Computer Vision | NaadiSpeaks

I blogged on some of the challenges I face with my deep learning based experiments and the approaches I used for overcoming those challenges in previous blog posts. This is going to be one of them where I’m going to explain a technique I used for calculating perspective relationship between two different planes in a computer vision application.

Background :

Computer vision is widely used in surveillance applications, object detection and sports analytics. Mapping the imagery/ video footage generated from a single camera or from set of cameras to a relative space is one of the major tasks we may have to deal with. Mostly this need comes with mapping people/ object locations.

Use Case –

Imagine a sports analytics application where you capture a soccer game from a fixed camera and run a human detection algorithm on the image to find out the player positions. That’s quite straightforward. (You can see that has been done in the following figure). The tricky part is mapping the player positions which are in the camera space to the actual soccer field coordinate and generate graph with player positions relative to the soccer field (or you may want to normalize the location coordinates) . What we need was an output similar to the left bottom one in the figure.

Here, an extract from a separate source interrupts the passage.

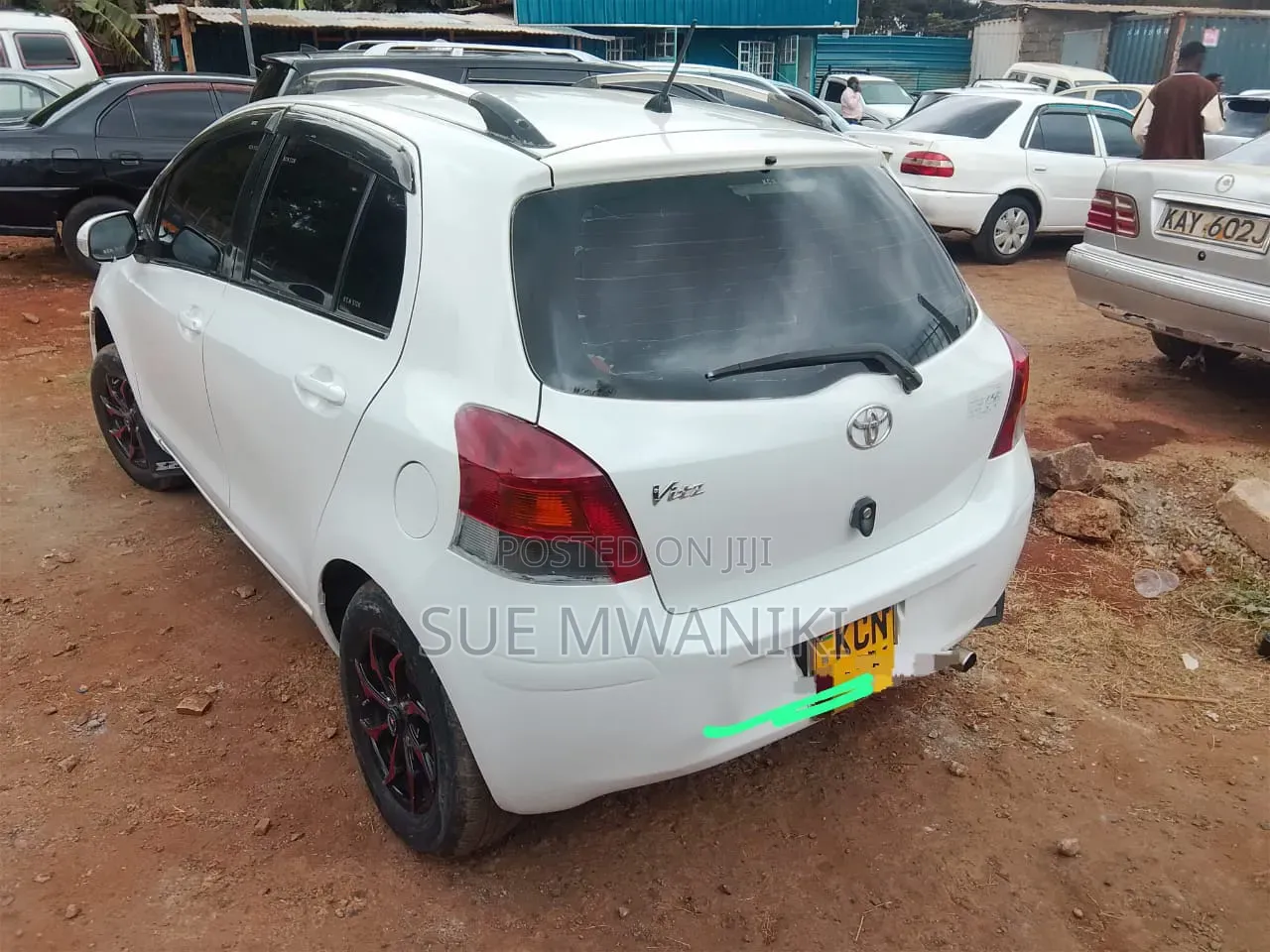 Toyota Vitz 2009 White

Reference : https://www.sportperformanceanalysis.com/article/computer-vision-in-sport

How to do that?

We can clearly understand that soccer field is rectangular in shape. So that, if we know the frame-space location coordinates of the 4 corners of the field, we can easily transform any point inside that polygon for a given coordinate space. In geometry this is called “perspective transformation” . (This is bit different from affine transformation which is a common application.)

If you interested in digging deep and see how this mathematical transformation is happening, I strongly encourage you to follow this link and see the related matrix calculations behind this operation.

I found out a pretty neat JavaScript snippet by Florian Segginger and I did ported the logic to a python script.

import numpy as np
from matplotlib import pyplot as plt

resultRect = {
  'p1': {'x': 0, 'y': 0},
  'p2': {'x': 1, 'y': 0},
  'p3': {'x': 1, 'y': 1},
  'p4': {'x': 0, 'y': 1}
}

resultPoint = {'x': 0, 'y': 0}

# # solve function
# First, find the transformation matrix for our deformed inputPolygon
# [a b c]
# [d e f]
# [g h 1]
def perspective_transform(inputPolygon, point):
  x0 = inputPolygon['p1']['x']
  y0 = inputPolygon['p1']['y']
  x1 = inputPolygon['p2']['x']
  y1 = inputPolygon['p2']['y']
  x2 = inputPolygon['p3']['x']
  y2 = inputPolygon['p3']['y']
  x3 = inputPolygon['p4']['x']
  y3 = inputPolygon['p4']['y']

  X0 = resultRect['p1']['x']
  Y0 = resultRect['p1']['y']
  X1 = resultRect['p2']['x']
  Y1 = resultRect['p2']['y']
  X2 = resultRect['p3']['x']
  Y2 = resultRect['p3']['y']
  X3 = resultRect['p4']['x']
  Y3 = resultRect['p4']['y']


  dx1 = x1 - x2
  dx2 = x3 - x2
  dx3 = x0 - x1 + x2 - x3
  dy1 = y1 - y2
  dy2 = y3 - y2
  dy3 = y0 - y1 + y2 - y3

  a13 = (dx3 * dy2 - dy3 * dx2) / (dx1 * dy2 - dy1 * dx2)
  a23 = (dx1 * dy3 - dy1 * dx3) / (dx1 * dy2 - dy1 * dx2)
  a11 = x1 - x0 + a13 * x1
  a21 = x3 - x0 + a23 * x3
  a31 = x0
  a12 = y1 - y0 + a13 * y1
  a22 = y3 - y0 + a23 * y3
  a32 = y0

  transformMatrix = [
  [a11, a12, a13],
  [a21, a22, a23],
  [a31, a32, 1]
  ]

  #find inverse of matrix
  transformMatrix = np.array(transformMatrix)
  inv = np.linalg.inv(transformMatrix)

  #convert point to a matrix
  pointMatrix = np.array([point['x'], point['y'],1])

  #matrix multiplication
  resultMatrix = np.matmul(pointMatrix, inv)

  #result point
  resultPoint['x'] = resultMatrix[0] / resultMatrix[2]
  resultPoint['y'] = resultMatrix[1] / resultMatrix[2]

  return resultPoint

########

#perform transformation with an example

inputPolygon = {
  'p1': {'x': 158, 'y': 2044},
  'p2': {'x': 669, 'y': 573},
  'p3': {'x': 2797, 'y': 594},
  'p4': {'x': 3686, 'y': 2062}
}

point = {'x': 1800, 'y': 900}

resultPoint = perspective_transform(inputPolygon, point)

How to use this?

Pretty easy! You have to know 3 things.

1. Coordinates of the corner 4 points of the polygon to be transformed

2. Coordinate/ coordinates of the points to be transformed

3. 4 corner points of the transformed polygon (This can be a rectangle or any 4 point polygon)

perspective_transform method will get the input polygon coordinates and point coordinates and output the resultPoint perspective to the resultRect we have defined. (In this code I’ve used a 1-1 plane to map the points)

Feel free to use this method in your applications and let me know your thoughts on this. Cheers!